#### Instructions for the task
Produce a faithful copy of the data, one that leaves out the pictures.

(Captioned web images)

= = = = = = =

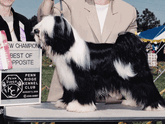 Domani Tibetan Terrier Zack wins championship at the Penn Ridge Kennel Club, 2000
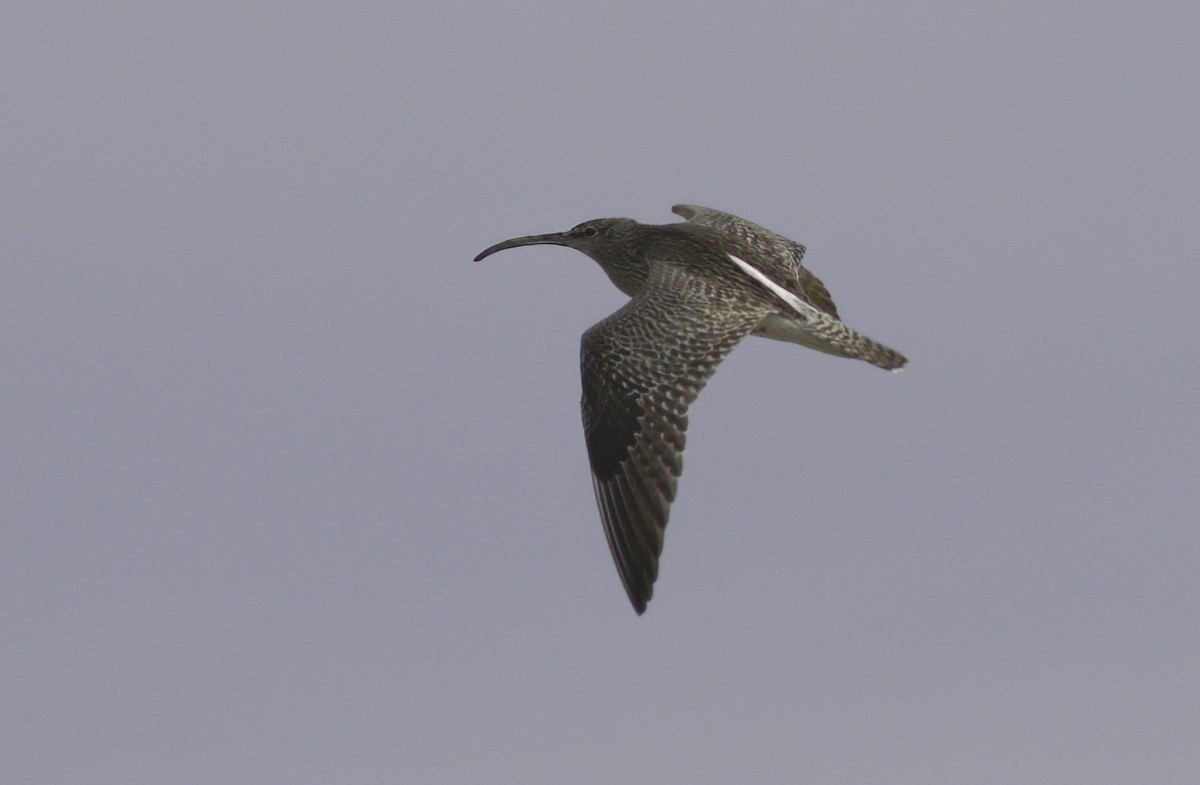 Whimbrel (European) - Andy Benson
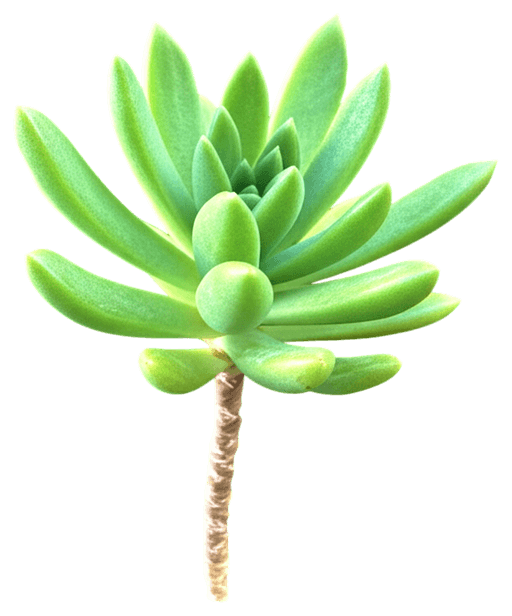 Hens And Chicks (Sempervivum Tectorum) - Ground Layers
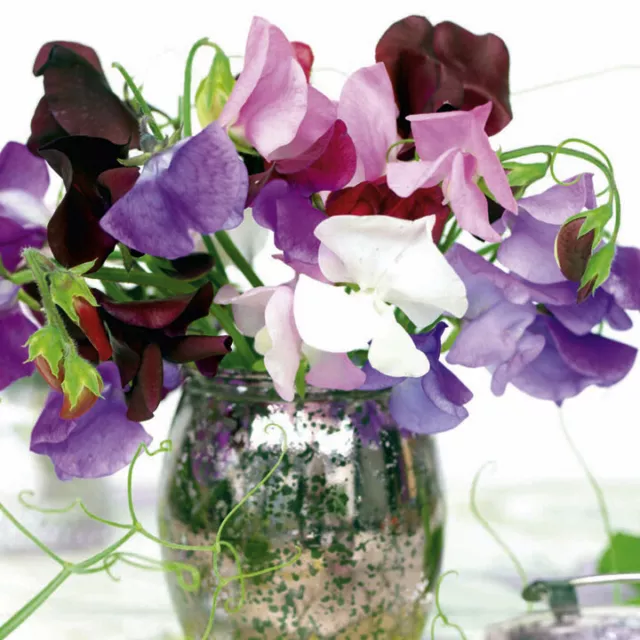 Suttons Sweet Pea Flower Seed Long Stem Fragrant Mix Approx 50 Seeds per Pack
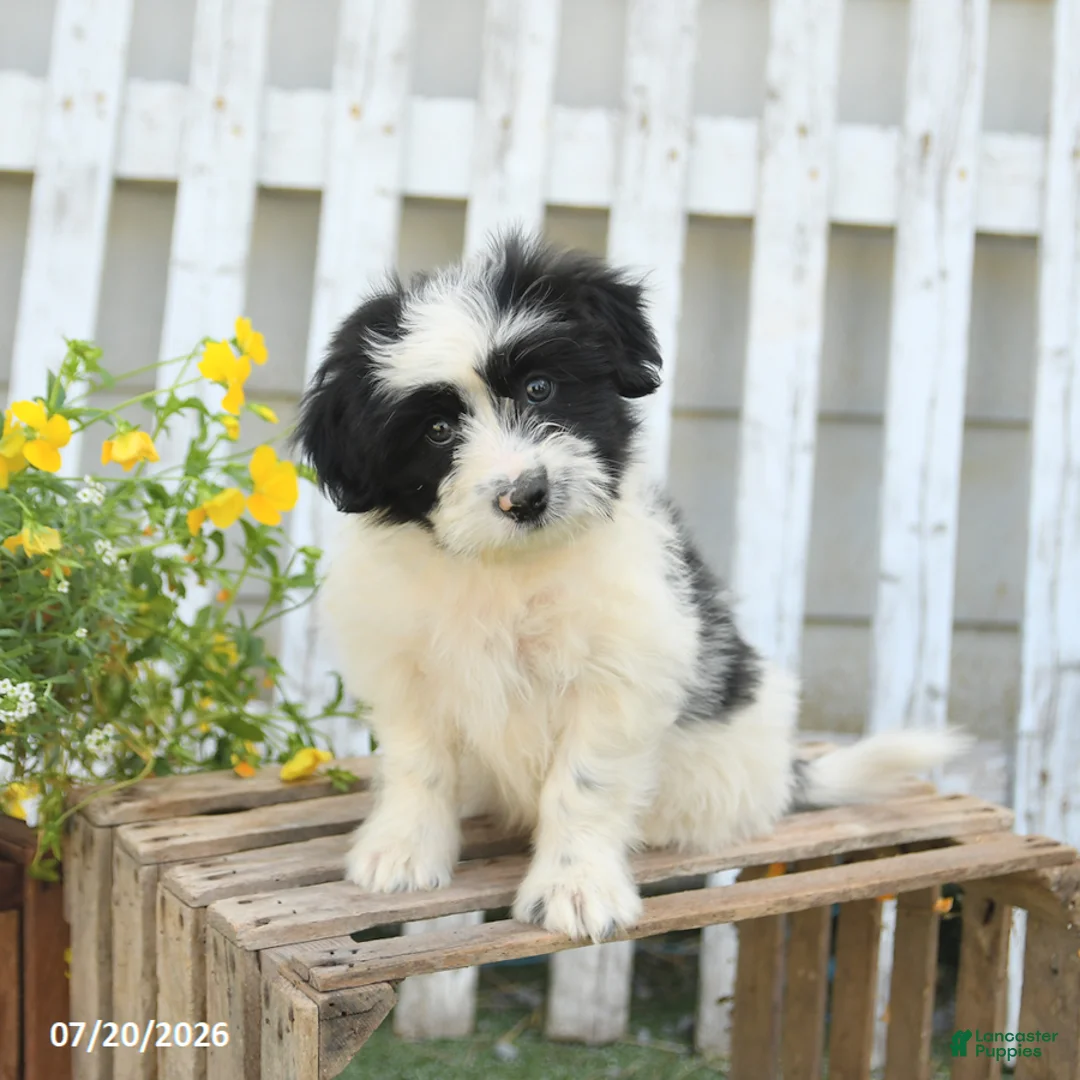 Mixed Breed dogs for sale: Teddy - Ad 1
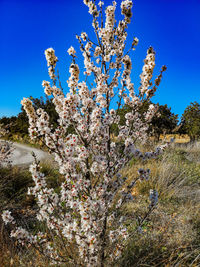 Low angle view of cherry blossom against clear sky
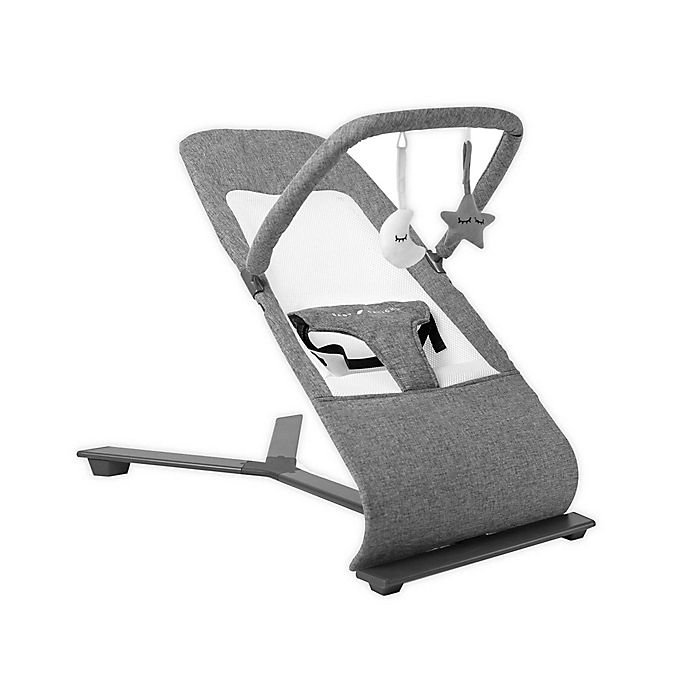 Baby Delight® Go with Me Alpine Deluxe Portable Baby Bouncer in Charcoal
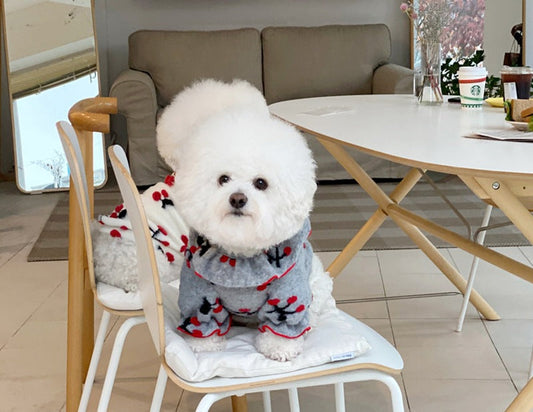 HKM-4724157 Pomeranian Small Puppy Two-Legged Spring & Autumn Clothes in Gray and White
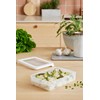 Gastromax Lunch Box 0.6 Liter Transparent White Colour, 0,6 L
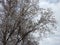 Beautiful tree with white fluff, Lithuania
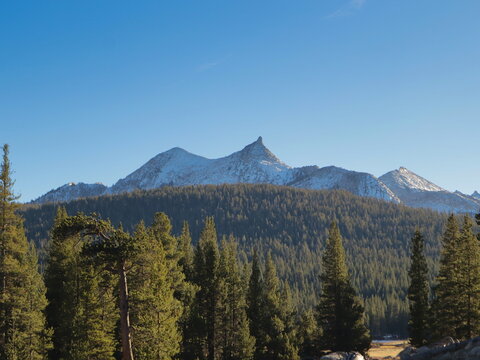 Yosemite National Park sights and landscapes. - Powered by Adobe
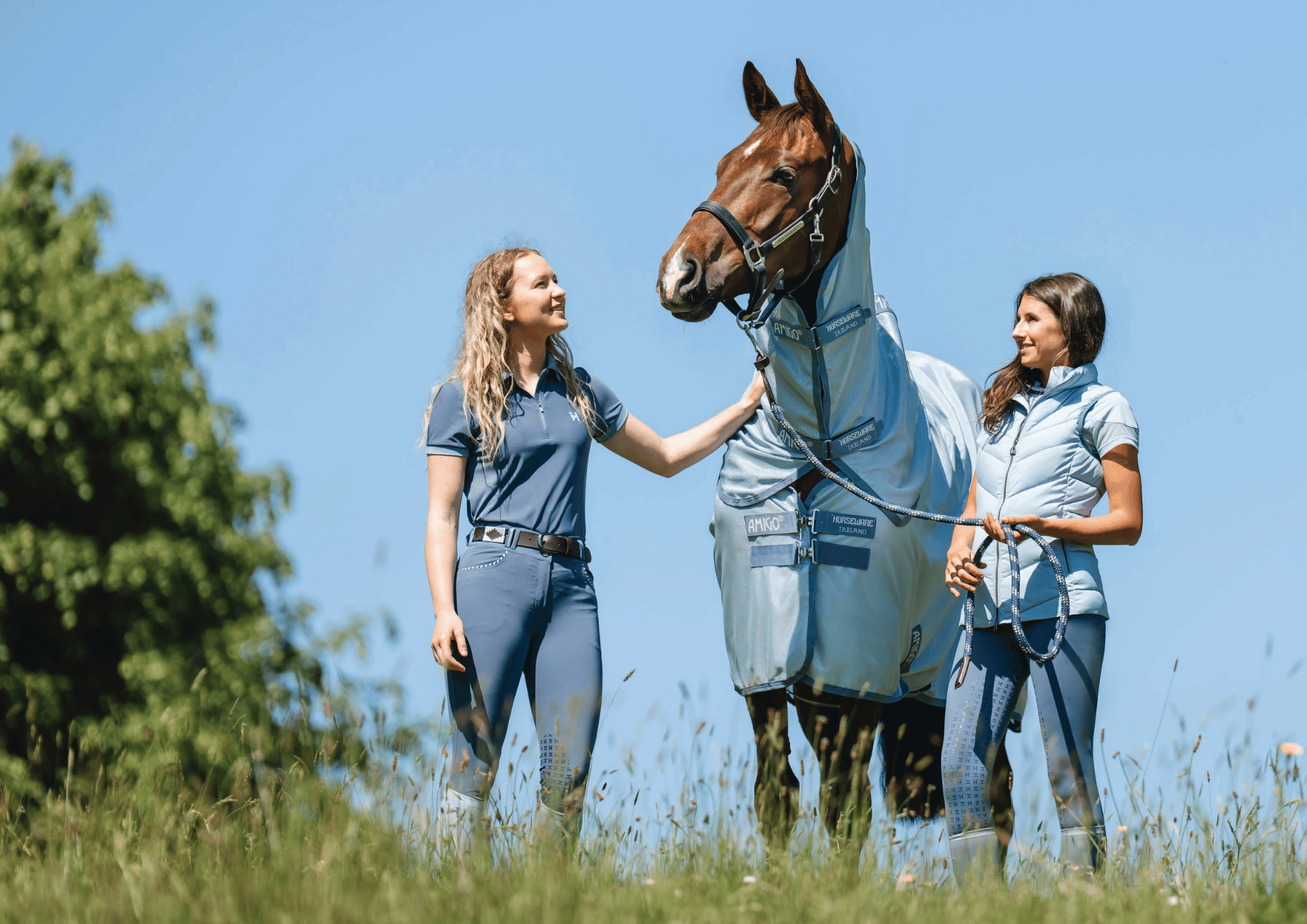 Horseware 2026 Fly Collection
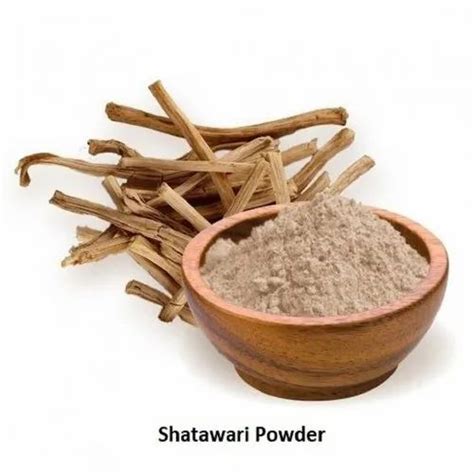 Shatavari Extract Powder At Rs 500 Kg Shatavari Powder In Pune ID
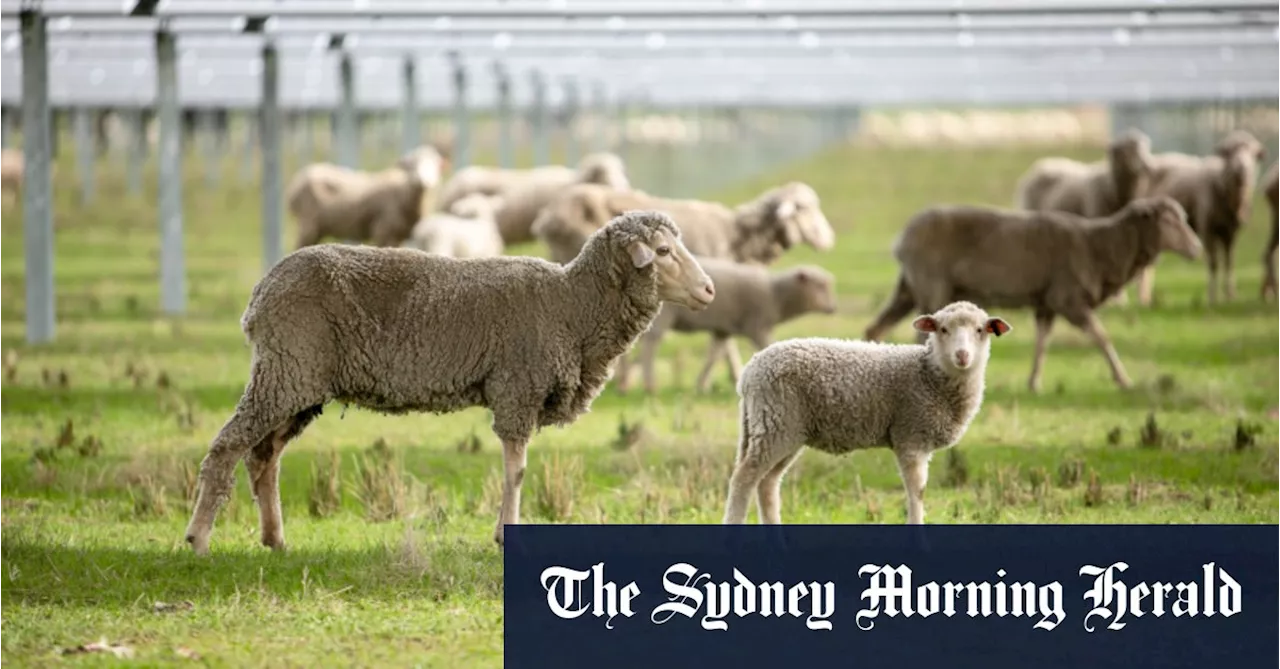 ‘It’s beneficial for the sheep’: The surprising ‘win-win’ for solar panels on farms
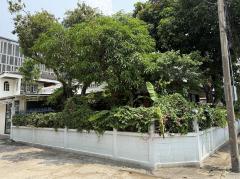 ขายบ้านเดี่ยว ย่านสะพานควาย หมู่บ้านจตุรมิตร ซอยประดิพัทธ์ 15-202510261413331761462813010.jpg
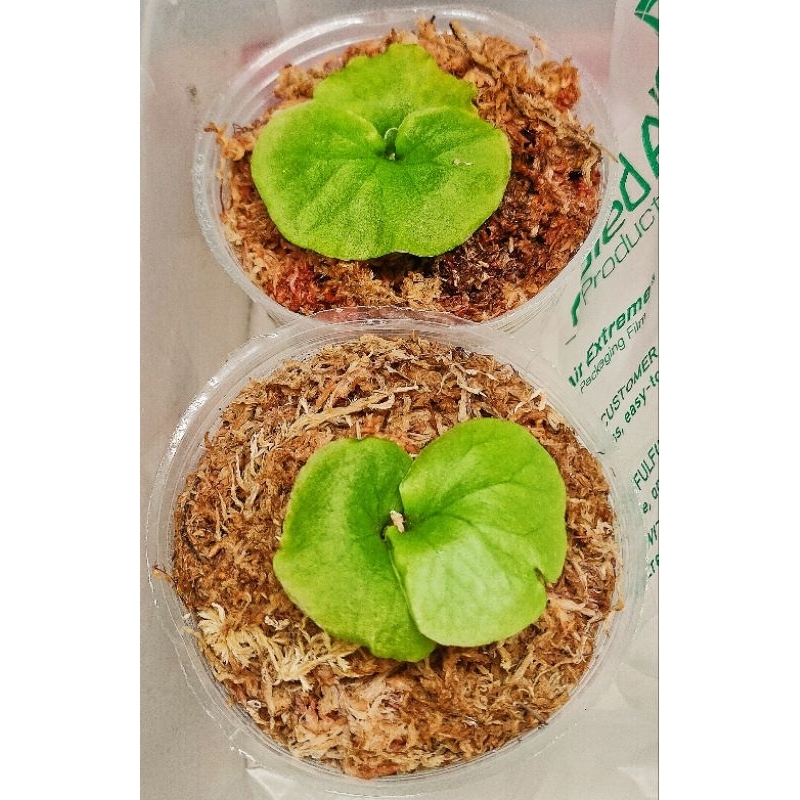 過水鹿-亞洲猴腦鹿角蕨（1.7吋盆） 鹿角蕨 亞猴 孢子苗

= = = = = = =

#### Answer area
 Domani Tibetan Terrier Zack wins championship at the Penn Ridge Kennel Club, 2000
 Whimbrel (European) - Andy Benson
 Hens And Chicks (Sempervivum Tectorum) - Ground Layers
 Suttons Sweet Pea Flower Seed Long Stem Fragrant Mix Approx 50 Seeds per Pack
 Mixed Breed dogs for sale: Teddy - Ad 1
 Low angle view of cherry blossom against clear sky
 Baby Delight® Go with Me Alpine Deluxe Portable Baby Bouncer in Charcoal
 HKM-4724157 Pomeranian Small Puppy Two-Legged Spring & Autumn Clothes in Gray and White
 Gastromax Lunch Box 0.6 Liter Transparent White Colour, 0,6 L
 Beautiful tree with white fluff, Lithuania
 Yosemite National Park sights and landscapes. - Powered by Adobe
 Horseware 2026 Fly Collection
 Shatavari Extract Powder At Rs 500 Kg Shatavari Powder In Pune ID
 ‘It’s beneficial for the sheep’: The surprising ‘win-win’ for solar panels on farms
 ขายบ้านเดี่ยว ย่านสะพานควาย หมู่บ้านจตุรมิตร ซอยประดิพัทธ์ 15-202510261413331761462813010.jpg
 過水鹿-亞洲猴腦鹿角蕨（1.7吋盆） 鹿角蕨 亞猴 孢子苗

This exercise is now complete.